Two collaborative institutes have been established in biosocial psychology and positive social science, respectively, to open up new horizons in social science research.
Two collaborations herald a new direction for the region’s social science research. In partnership with the Chinese Academy of Sciences (CAS), CUHK established the CUHK-Institute of Psychology (IP) CAS Joint Laboratory on Biosocial Psychology last December. At about the same time, it also partnered with the National Cheng Kung University (NCKU) to set up the CUHK–NCKU Joint Research Centre for Positive Social Science.
‘Research increasingly suggests that apart from one’s growing and living environments, human behaviour and psychology are also influenced by biological factors such as DNA and the infections of one’s mother during pregnancy,’ said Prof. Leung Wing-leung Patrick, chairman of CUHK’s Department of Psychology and director of the joint laboratory.
‘For instance, research has proven that one is more predisposed to depression and antisocial personality disorder triggered by genetic variations. However, the influences of one’s acquired social environment, such as the right parental and school education, can help build a protective buffer and strengthen resilience. The joint laboratory has been established to explore the impact of biological factors and social interactions on human cognition, behaviour and thoughts, especially in Chinese societies.’
According to Professor Leung, the history of CUHK-CAS collaborations and exchanges dates back to the times when Prof. Fanny M.C. Cheung was chairperson of the Department of Psychology. The recent inauguration of the joint laboratory has taken the collaboration to a new level. ‘China has invested massive resources in scientific research over the years. Correspondingly, CAS’s Institute of Psychology has seen very rapid developments. Not only does it have a 150-strong research team, the number of the research target groups it deals with is extremely large. At CUHK, our teaching and research staff engage in the study of diverse topics and are in contact with a network of research units abroad. This collaborative effort will certainly generate a greater synergy.’
Professor Leung said, ‘The joint laboratory has designated three major areas of research: reading and writing abilities and language acquisition; the mental health of the teens; and the cognition and emotions of senior citizens. Individual projects have commenced. We will also exchange students to equip them with practical experience.’
Dean of Social Science Prof. Chiu Chi-yue remarked, ‘A core issue in the psychological science concerns the nature of human sociality: How do our biology and social experiences make each other up? Innovative research that is under way in the joint laboratory will illuminate the mutual constitution of body, mind, and society, and inspire new thoughts on the evolution of human sociality.’
What is positive social science?
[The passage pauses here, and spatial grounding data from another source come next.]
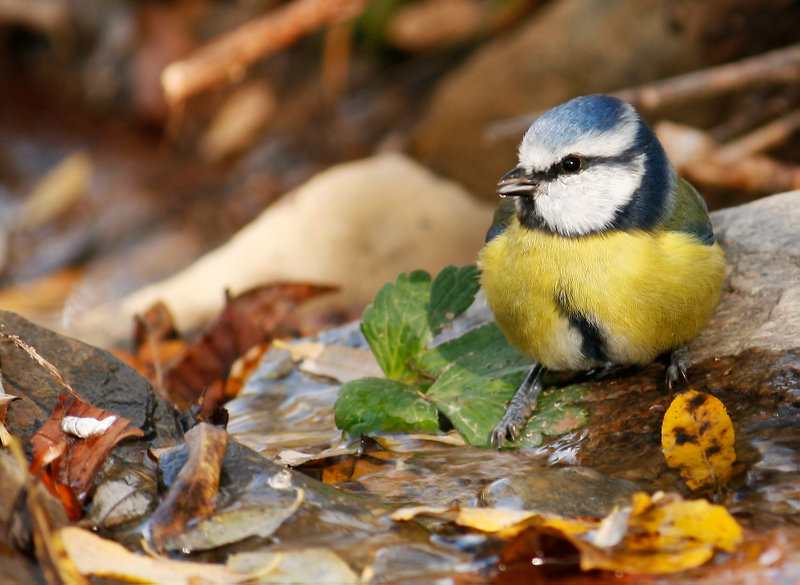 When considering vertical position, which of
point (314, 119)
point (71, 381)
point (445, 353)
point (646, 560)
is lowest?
point (646, 560)

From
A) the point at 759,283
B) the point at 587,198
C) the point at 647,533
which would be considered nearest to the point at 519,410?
the point at 587,198

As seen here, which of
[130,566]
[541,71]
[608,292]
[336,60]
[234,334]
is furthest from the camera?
[336,60]

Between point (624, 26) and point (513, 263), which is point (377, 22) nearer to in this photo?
point (624, 26)

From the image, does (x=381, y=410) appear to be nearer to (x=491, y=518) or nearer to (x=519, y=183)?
(x=491, y=518)

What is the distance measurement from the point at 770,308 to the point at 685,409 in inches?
26.3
Prof. Fung Hoi-lam Helene,administrative director of the Joint Research Centre for Positive Social Science, explained: ‘Positive psychology studies how people, in the face of adversities, adjust their mindsets, behaviours and feelings to enable themselves and their close ones to cope and fare.
‘The champion of positive social science is Professor Chiu. He believes that our department should take a further step and incorporate other social science subjects such as architecture, geography, sociology and social work to foster a cross-disciplinary research to facilitate our research on people and their lives from a positive social science perspective.’
Professor Chiu said, ‘Positive social science, as a humanist scientific movement, aspires to promoting innovative and rigorous integrative social science research for the betterment of personal and collective well-being. The current collaborative activities in the joint research centre include interdisciplinary effort to create actionable social knowledge for the purposes of building caring, innovative and egalitarian communities and promoting human fulfillment and civic virtues.’
Professor Fung pointed out that about two years ago, an NCKU delegation called on CUHK to discuss the feasibility of in-depth collaboration and found that Hong Kong and Taiwan faced the same problem—ageing neighbourhoods with increasing number of old people and old houses.
‘After several rounds of talks, the two universities decided to establish the centre. Besides community rejuvenation research, we will also look into the application of innovative technologies to promote physical and mental health, positive ageing and gender studies, to help tackle the problems of ageing neighbourhoods in the various facets of life,’ said Professor Fung.
She added, ‘The Centre has completed a qualitative survey in Taiwan, where 30 and 32 elderly people from Hong Kong and Taiwan, respectively, were interviewed on their perception of time. The survey found that the elderly in the US and Germany prepare for old age through personal savings and medical insurance. But their Hong Kong and Taiwan counterparts tend to invest in their children and grandchildren (such as helping them in home ownership). In May, we will commence a larger-scale research project, targeting a group of 250 individuals aged 30 to 90, each from Hong Kong and Taiwan. Employing a day-construction method, the interviews will inquire what these people had done the day before, who they were with, what they had thought of and their emotional states. The findings will be compared with those of similar surveys conducted in the US and Germany. Other studies are in the pipeline.’